Courtesy of Donna Williamson
The bearded irises are blooming in northern Virginia, and they are having a good year. They are are tall, vibrant, and full of majesty.
That's in spite of a lot of damage to dogwoods and other plants from last year’s heat and drought. Fortunately, irises love hot and dry weather.
With our heavy soils, I encourage folks to plant irises so the rhizomes gets some sun – not too deep. And I also recommend that they rip off all the foliage in winter to get rid of iris borer eggs, deposited in the fall and hatching in spring. (More on those pesky borers in a minute.)
Iris colors are all over the map, from black and true blue to vivid bicolors and the most achingly beautiful shades of orchid, lavender, purple, and mauve.
It’s hard to pass by a group of irises without a peek inside and a whiff of that rich grape fragrance.

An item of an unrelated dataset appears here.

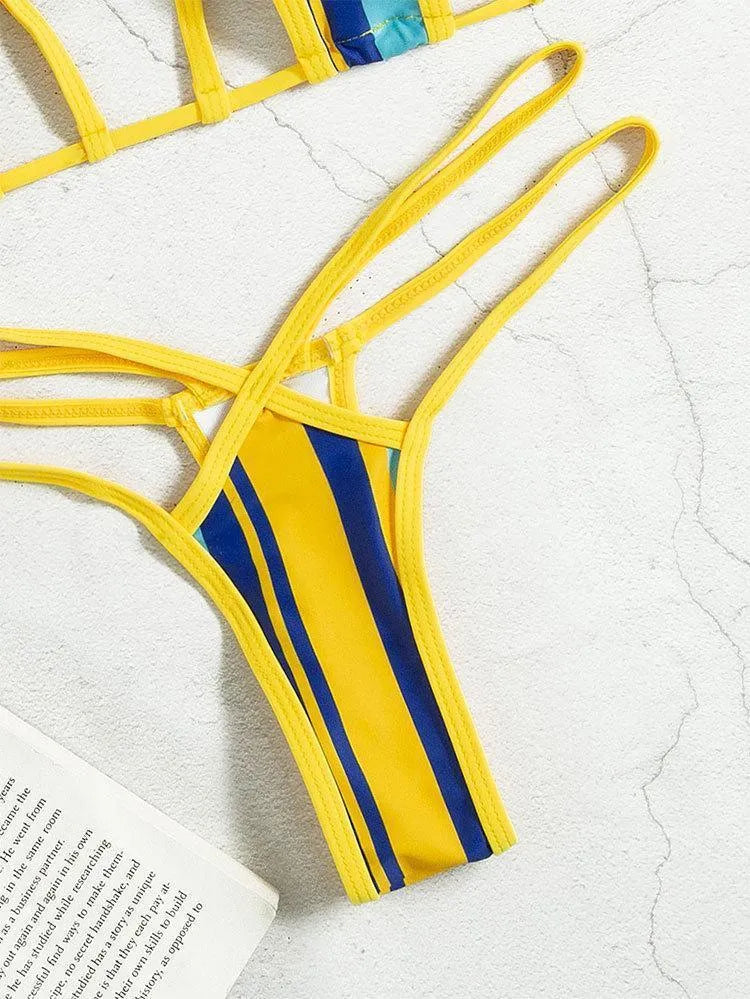 Yellow women's one-piece split swimsuit with neck-hanging style and high-waist backless design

I would love irises even more if they stayed beautiful longer, but they are part of the changing flower parade in Virginia, and the next in line is peony season.
But the downside is we can’t let our bearded irises go too long before they develop problems from iris borers.
I have often shown my clients how to clean out the iris borers from rhizomes and cut out the soft rot that follows them. The odor of soft rot is distinctive and definitely not grape.
The part that I enjoy most is when the client goes from “how can you touch that” to “die, borer, die” and dispatches the fat pink larvae themselves. A quick rinse in bleach enhanced water and drying in the sun saves the rhizome.